Problem 1

  1. Using the 173 majors listed in fivethirtyeight.com’s College Majors dataset [https://fivethirtyeight.com/features/the-economic-guide-to-picking-a-college-major/], provide code that identifies the majors that contain either “DATA” or “STATISTICS”
# Import RCurl to pull the csv file from the Github repo
library(RCurl)
## Loading required package: bitops
# Load the csv file from the Github repo's URL
college_majors_url <- getURL("https://raw.githubusercontent.com/fivethirtyeight/data/master/college-majors/recent-grads.csv")
college_majors <-data.frame(read.csv(text=college_majors_url, header=T))

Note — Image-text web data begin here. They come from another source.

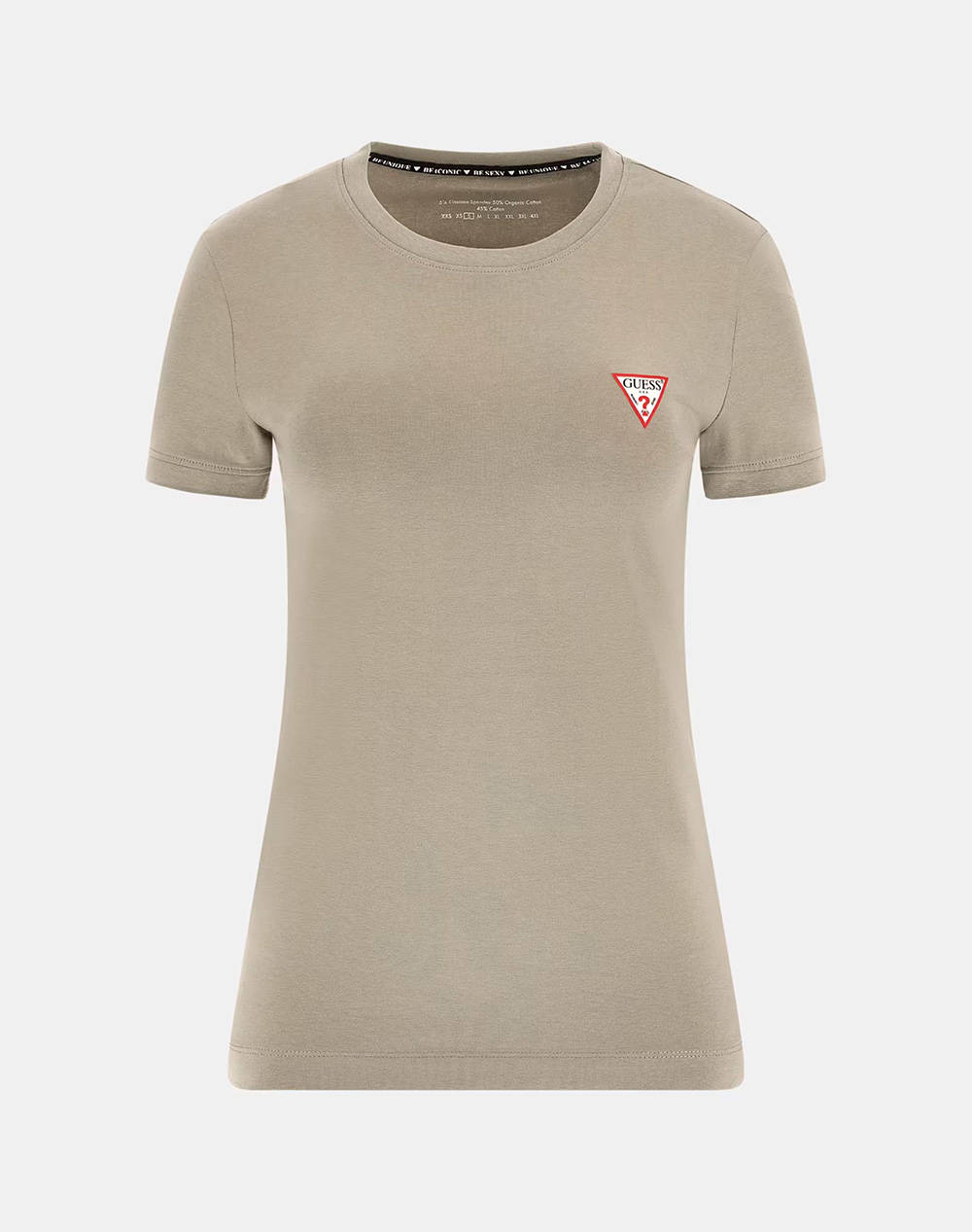 GUESS SS CN MINI TRIANGLE TEE ДАМСКА БЛУЗА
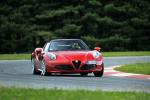 Alfa Romeo 4C Spider 2015 года (WW)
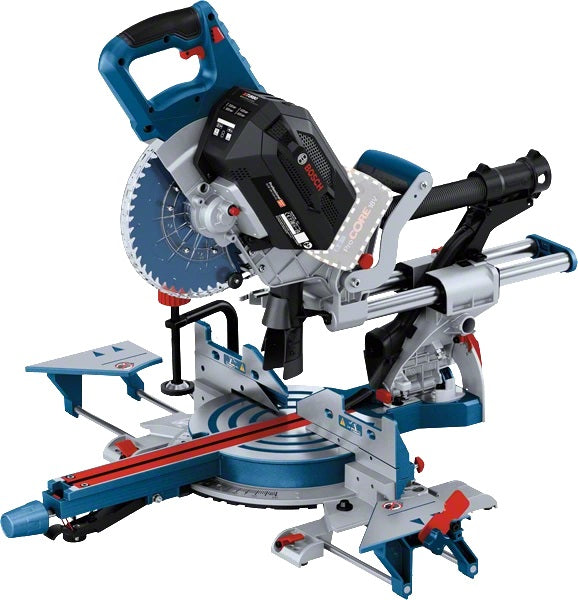 Bosch Kap-/geringssav 18V-216 DC Professional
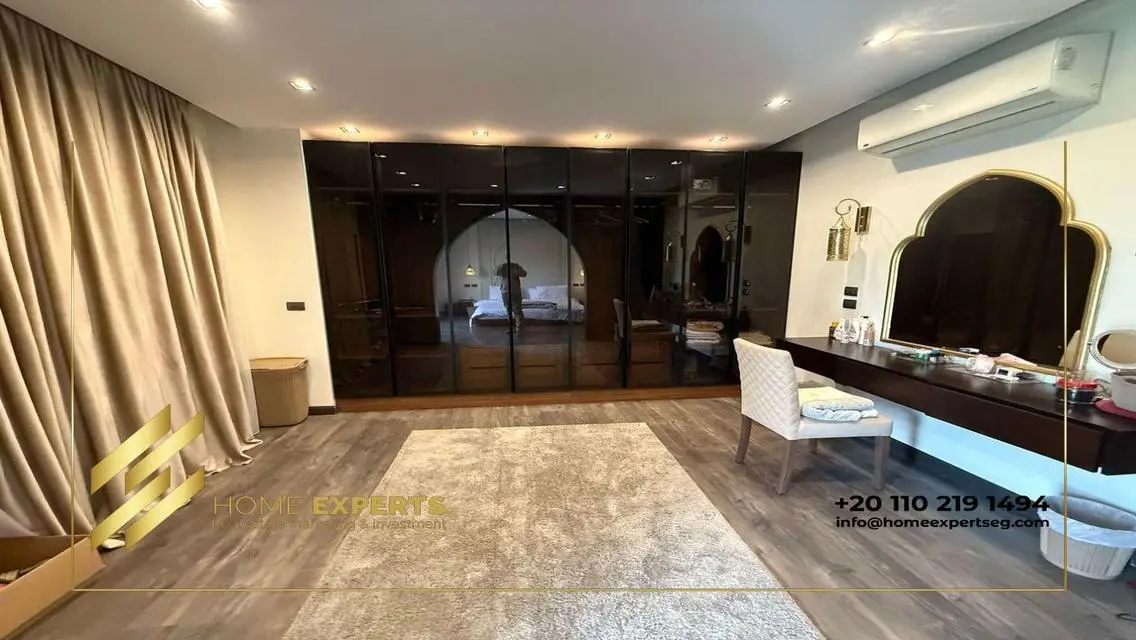 Luxury 3-Bedroom Apartment with Spectacular View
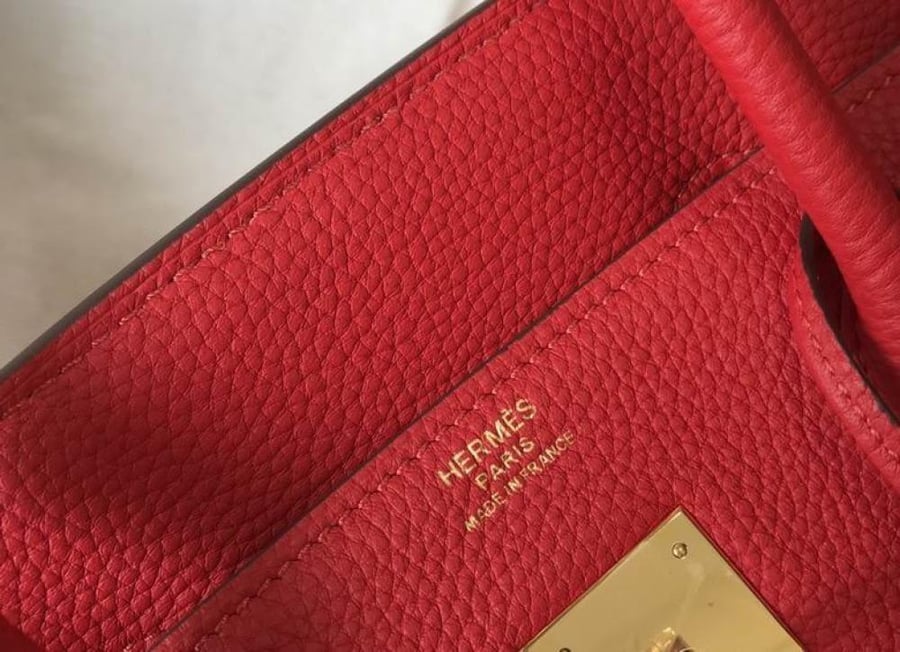 شنطة هرمز بيركين HERMES Birkin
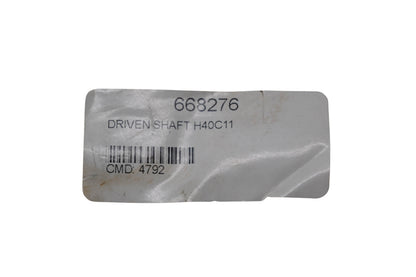 Aftermarket 668276 Driven Shaft NOS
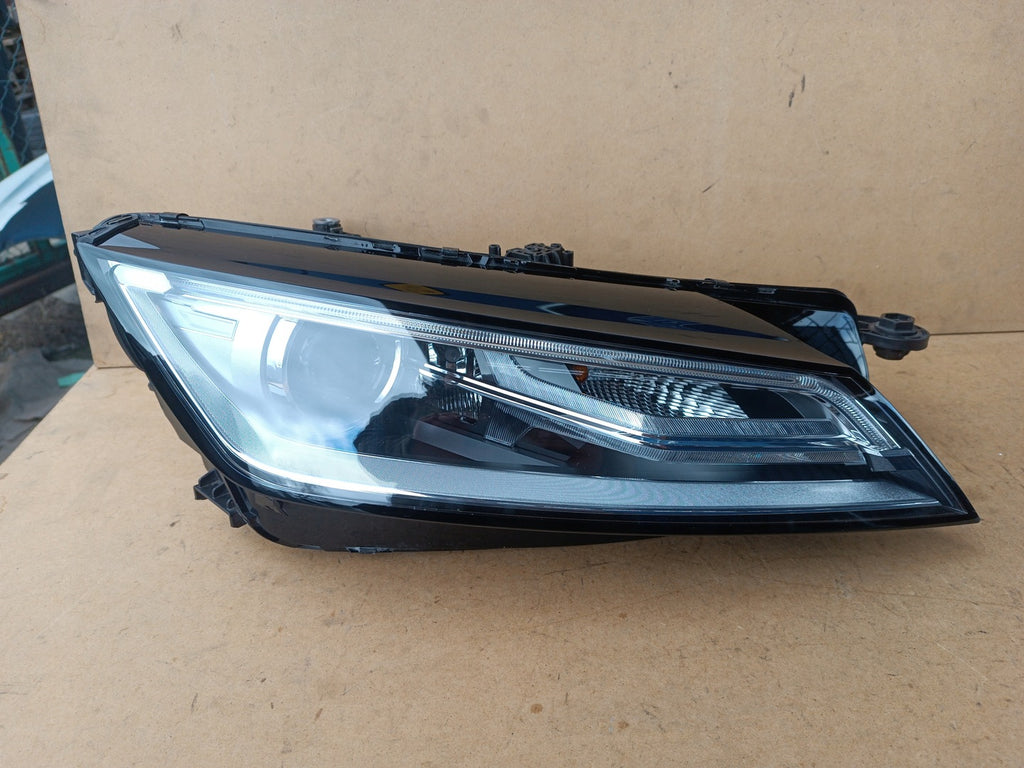 Frontscheinwerfer Audi Tt 8S0941005C 8S0941006C Xenon Rechts Headlight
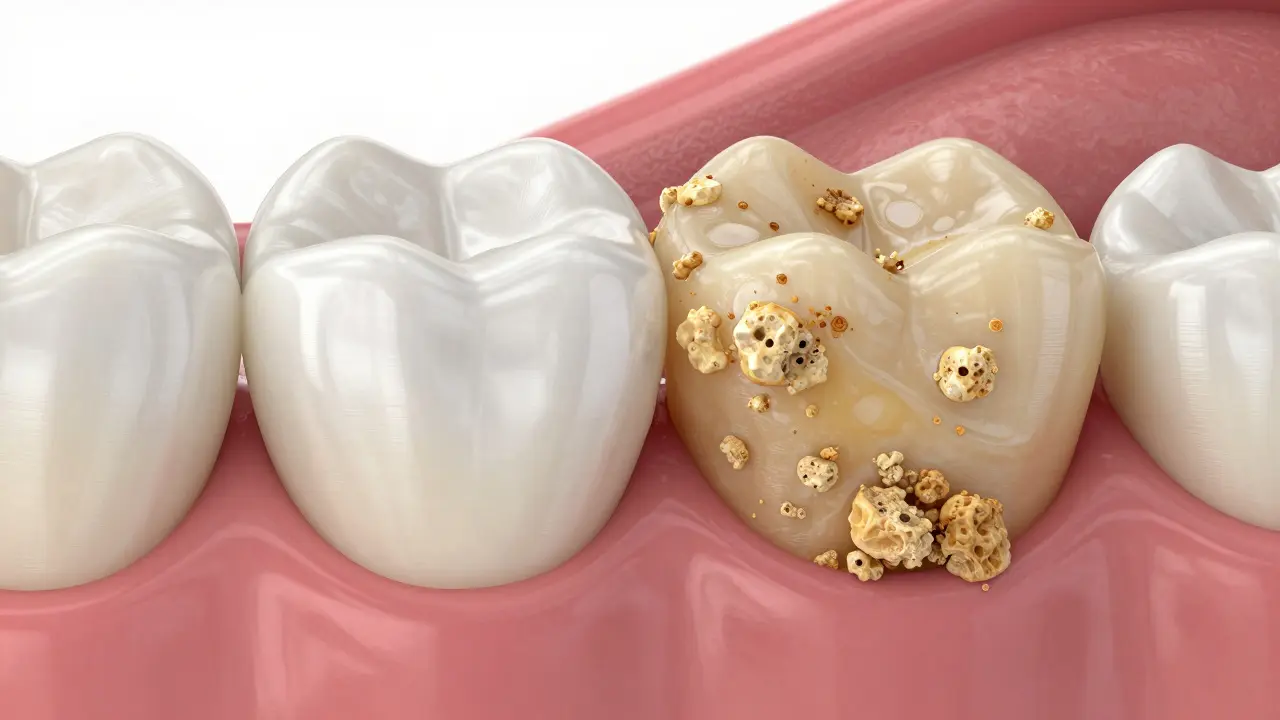 Dentální hygiena: Jak se vyhnout zubnímu kameni a zachovat si zdravé zuby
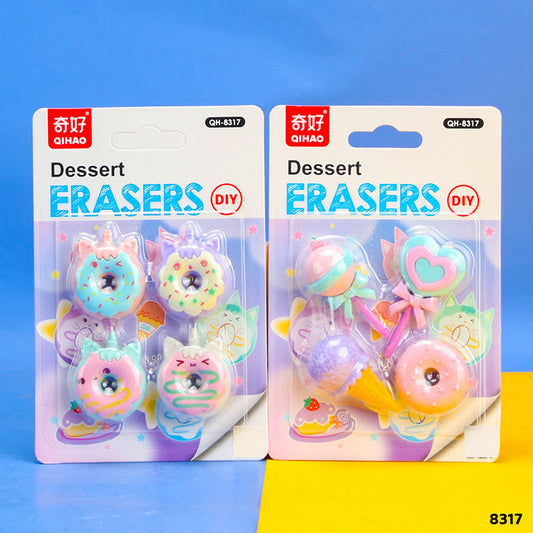 Gift To Love | Dessert Eraser | Code : 8317
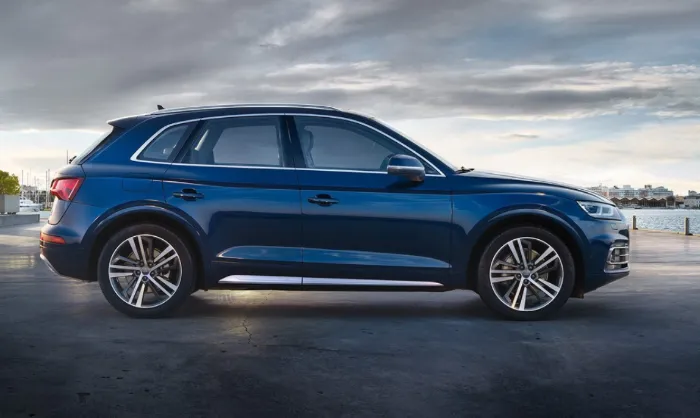 Audi Q5 2025: Release Date, Interior, and Images.
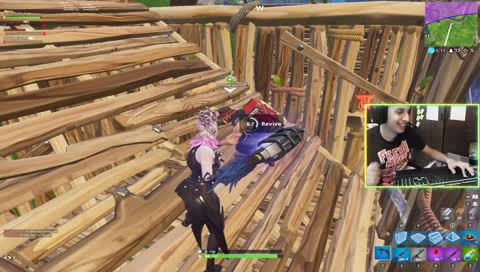 Filmando un trailer :)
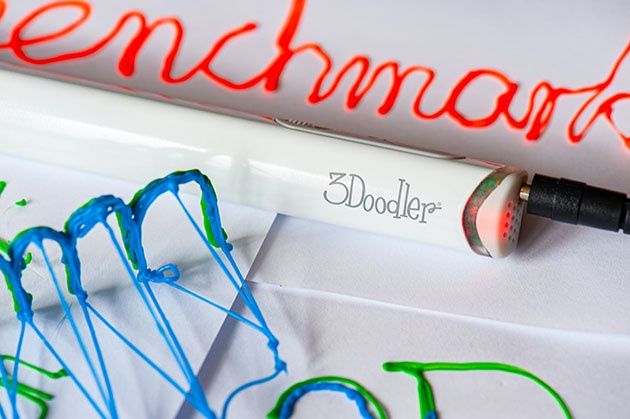 3Doodler Create+ benchmark.pl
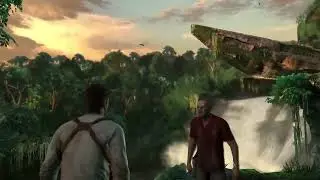 Uncharted the Nathan Drake 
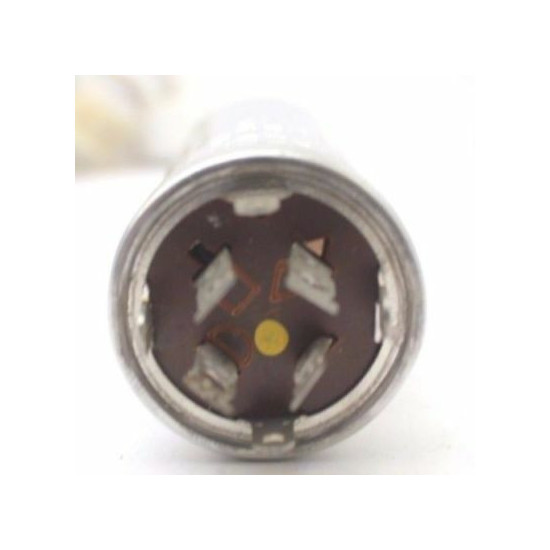 ELECTROLYTIC CAPACITOR ZENITH 80uF 350V 80uF 200V 4uF 150V 100uF 50V CA308U2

# Perform regex using grep function and then output the result
data_or_stats <- grep(pattern = 'DATA|STATISTICS', college_majors$Major, value = TRUE, ignore.case = TRUE)
data_or_stats
## [1] "MANAGEMENT INFORMATION SYSTEMS AND STATISTICS"
## [2] "STATISTICS AND DECISION SCIENCE"              
## [3] "COMPUTER PROGRAMMING AND DATA PROCESSING"

Problem 2

Write code that transforms the data below:

[1] “bell pepper” “bilberry” “blackberry” “blood orange”

[5] “blueberry” “cantaloupe” “chili pepper” “cloudberry”

[9] “elderberry” “lime” “lychee” “mulberry”

[13] “olive” “salal berry”

Into a format like this:

c(“bell pepper”, “bilberry”, “blackberry”, “blood orange”, “blueberry”, “cantaloupe”, “chili pepper”, “cloudberry”, “elderberry”, “lime”, “lychee”, “mulberry”, “olive”, “salal berry”)

library(stringr)

original_data <- '[1] "bell pepper"  "bilberry"     "blackberry"   "blood orange"

[5] "blueberry"    "cantaloupe"   "chili pepper" "cloudberry"  

[9] "elderberry"   "lime"         "lychee"       "mulberry"    

[13] "olive"        "salal berry"'

# str_extract_all returns a list
result <- str_extract_all(original_data, pattern = '[a-z]+\\s?[a-z]+')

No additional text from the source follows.